*WHAT THIS TASK INVOLVES*
Quote the lines of the data below verbatim, beginning at the line that contains "Roll Wit Me (Fast to Slow)" and ending at the last line, both included, and excluding pictures.

*DATA*
━━━━━━

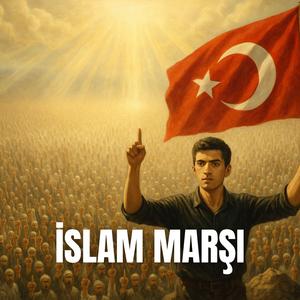 İslâm Mârşı | Ümmet-i Muhammed | Şahlanış Mârşı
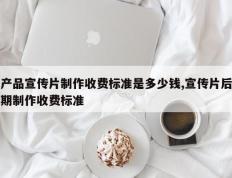 产品宣传片制作收费标准是多少钱,宣传片后期制作收费标准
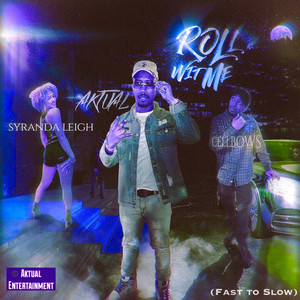 Roll Wit Me (Fast to Slow)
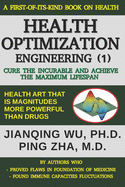 Health Optimization Engineering (1): Cure the Incurable and Achieve the Maximum Lifespan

━━━━━━

*WRITTEN RESPONSE*
 Roll Wit Me (Fast to Slow)
 Health Optimization Engineering (1): Cure the Incurable and Achieve the Maximum Lifespan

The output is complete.